A recomendação dos pesquisadores é procurar um horizonte oeste livre de obstáculos logo após o pôr do sol. Binóculos, telescópios ou câmeras ajudam bastante na observação. Quem conseguir encontrá-lo verá uma pequena mancha azul-esverdeada acompanhada de uma cauda difusa. “Você vê a coma e a cauda parecendo um pequeno meteoro borrado no céu”, explicou Aoraki.
A tonalidade azul-esverdeada do cometa acontece por causa da presença de gases como carbono diatômico e cianogênio, que brilham quando entram em contato com a radiação ultravioleta do Sol. Esse efeito cria uma aparência incomum e bastante chamativa para observadores e fotógrafos do céu noturno.
Os cientistas também destacam que a trajetória desses objetos é extremamente difícil de prever. À medida que o cometa perde material ao passar perto do Sol, sua rota pode sofrer alterações. Isso significa que, embora o cálculo atual indique um retorno em cerca de 170 mil anos, existe a possibilidade de ele nunca mais voltar.

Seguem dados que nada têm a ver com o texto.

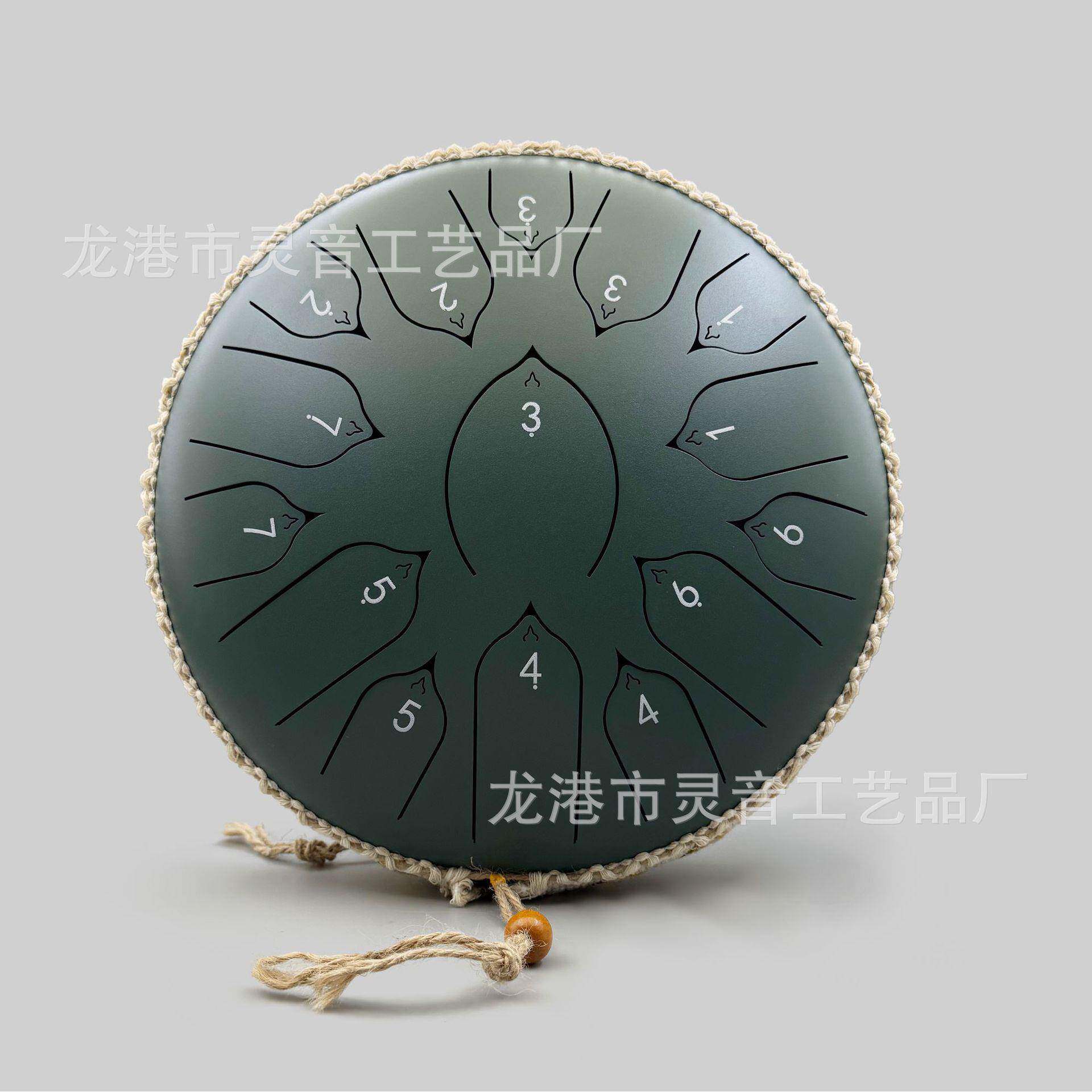儿童益智打击乐器13寸15音国风莲花鼓钢舌鼓空灵鼓击打型乐器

A Nuvem de Oort, região de onde o cometa veio, é considerada uma gigantesca camada de corpos gelados localizada nos limites mais extremos do Sistema Solar, depois até de Plutão. Ela permanece praticamente invisível e distante, funcionando como uma espécie de reservatório de cometas antigos que ocasionalmente são lançados em direção ao Sol.